Junge Frauen und Migranten oft benachteiligt

Viele junge Wiener unter 30 stellen der Stadt bei der Lebensqualität ein gutes Zeugnis aus. Beim Job, beim Wohnen und beim Zugang zu Freizeitangeboten sind junge Migranten und Frauen aber benachteiligt, zeigt eine aktuelle Studie der Arbeiterkammer (AK).

Fast alle jungen Wiener leben „sehr gerne“ (63 Prozent) oder „gerne“ (34 Prozent) in ihrer Stadt. Die allgemeine Lebenszufriedenheit wurde in den Befragungen des Instituts SORA im Auftrag der AK zu 43 Prozent mit „sehr zufrieden“ beurteilt. Für die Untersuchung wurden Daten der Lebensqualitätsforschung der Stadt Wien aus den Jahren 2003, 2008 und 2013 sowie teilweise die Mikrozensuszahlen von 2007 und 2012 herangezogen.

„Es gibt aber auch eine Gruppe junger Menschen, die Wien nicht so lässig sieht“, betonte AK-Präsident Rudolf Kaske bei der Pressekonferenz. Betroffen seien vor allem Frauen, junge Migranten und Personen, die maximal einen Lehrabschluss oder weniger vorzuweisen haben. Diese Gruppen hätten oft keine gut bezahlte Arbeit, eine schwierige Wohnungssituation und wenig Geld für Freizeitaktivitäten, so Kaske.

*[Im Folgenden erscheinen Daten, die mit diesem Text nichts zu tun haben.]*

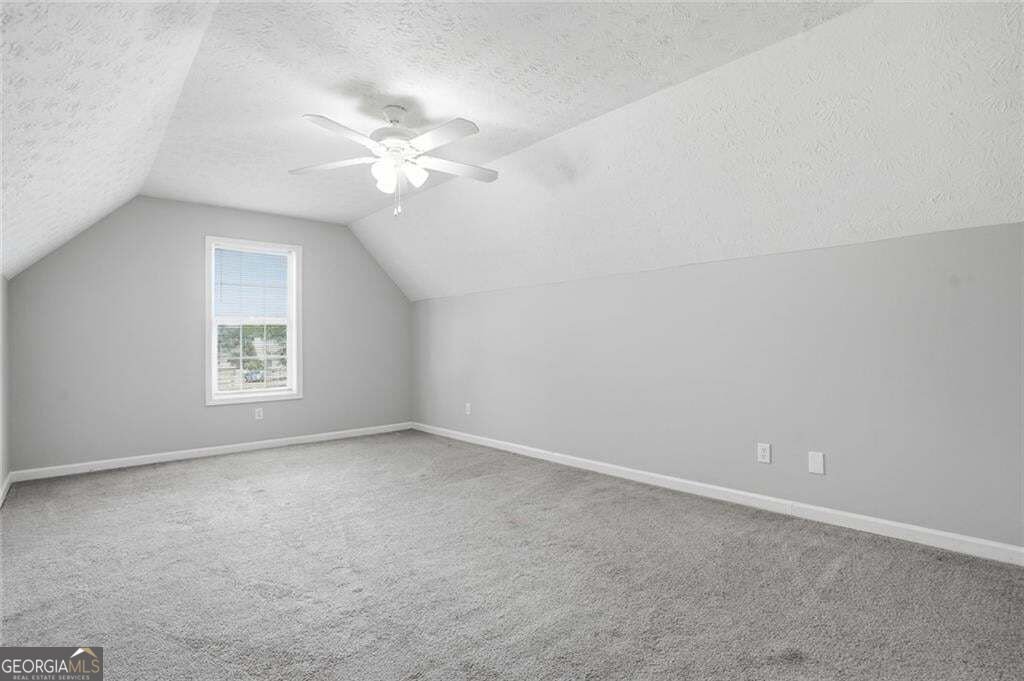 35 Shenandoah Drive Winder - Photo 22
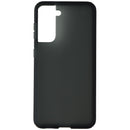 Speck Presidio Perfect-Mist Series Case for Samsung Galaxy S21 (5G) - Obsidian - Speck - Simple Cell Shop, Free shipping from Maryland!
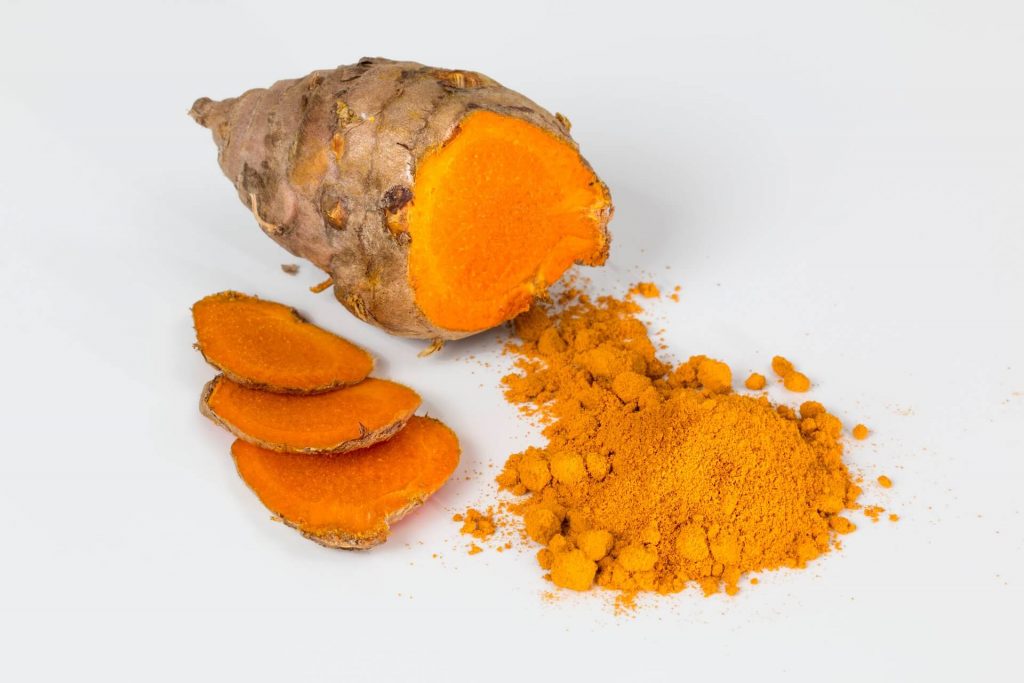 Curry Powder Curry Powder
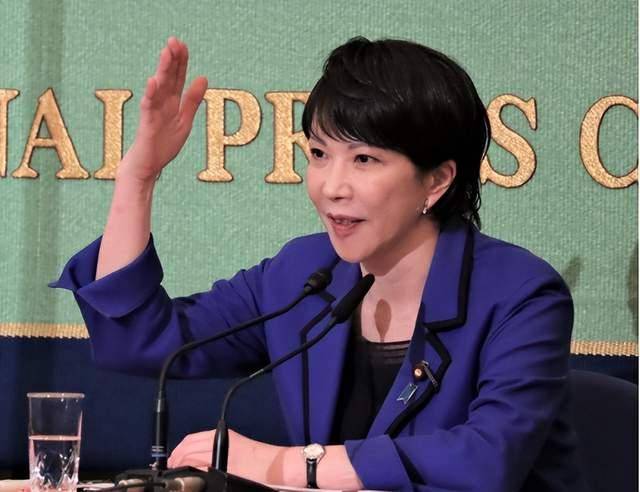 我副部长级召见日本大使,高市若还不撤回疯话,将与整个亚洲为敌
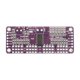 thumbnail image 5 of Servocontrolador PWM para Raspberry oscilador de cristal interno de 25 MHz servocontrolador PWM estable de 16 canales y 12 bits escuela para Raspberry Experiment Home ANGGREK Otros, 5 of 8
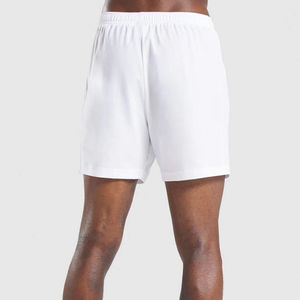 Custom <b>Men</b> <b>Short</b> Summer Stylish <b>Slim</b> <b>Fit</b> Jogging <b>Shorts</b> Clothing Summer Pure Cotton <b>Shorts</b> Male Denim <b>Shorts</b> Made In Pakistan - Product Image 3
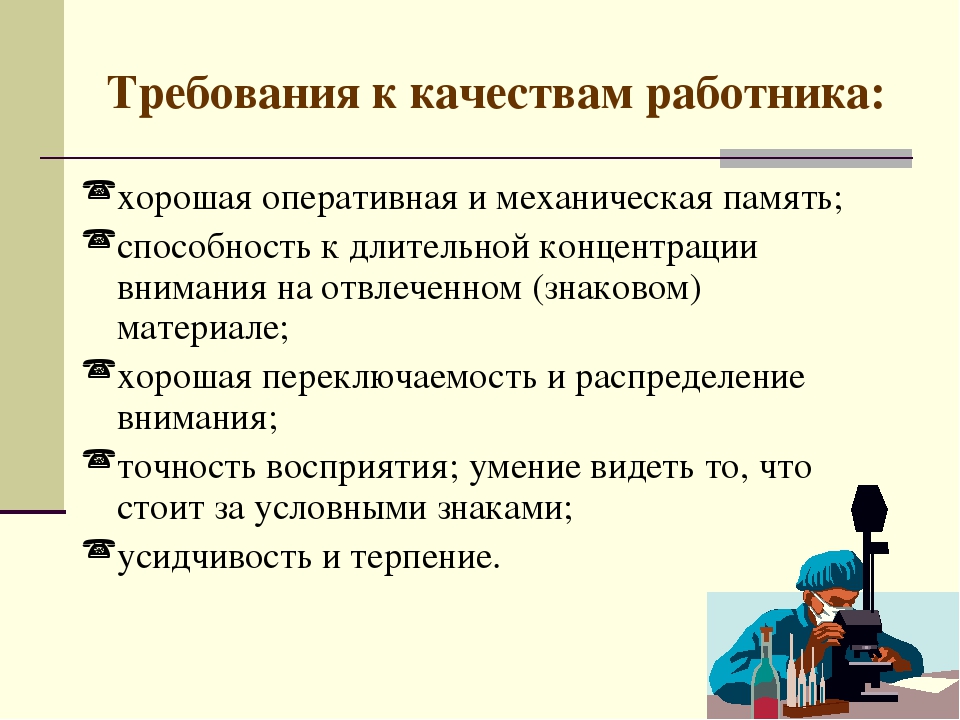 Личные качества работника. Положительные качества работника. Качества хорошего работника. Полезные качества для сотрудника. Положительные качества специалиста.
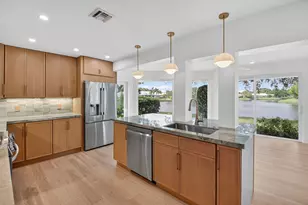 8 Slash Pine Dr, Boynton Beach, FL 33436 - Photo 5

37 Prozent der Jungen in Teilzeit

Mehr als jeder dritte Wiener (37 Prozent) bis 30 Jahre arbeitet Teilzeit, ein Viertel ist überqualifiziert für den eigenen Job, und 17 Prozent befinden sich in einem befristeten Dienstverhältnis, erläuterte SORA-Chef Günther Ogris. Vor allem junge Menschen mit abgeschlossenem Hochschulstudium erleben den Berufseinstieg immer häufiger in Form eines Praktikums.

Drei von zehn aus dem Elternhaus ausgezogenen jungen Menschen leben in einem befristeten Mietverhältnis, ein Viertel hat mit erhöhten Wohnkosten und zwölf Prozent mit Überbelegung in der Wohnung zu kämpfen. Von diesen sechs „Prekaritätsrisiken“ seien zahlreiche Personen mehrfach betroffen, warnte Ogris. 41 Prozent der Berufstätigen in Teilzeit sind beispielsweise überqualifiziert. Ein Drittel der jungen Wiener mit befristeten Dienstverträgen hat gleichzeitig einen befristeten Mietvertrag.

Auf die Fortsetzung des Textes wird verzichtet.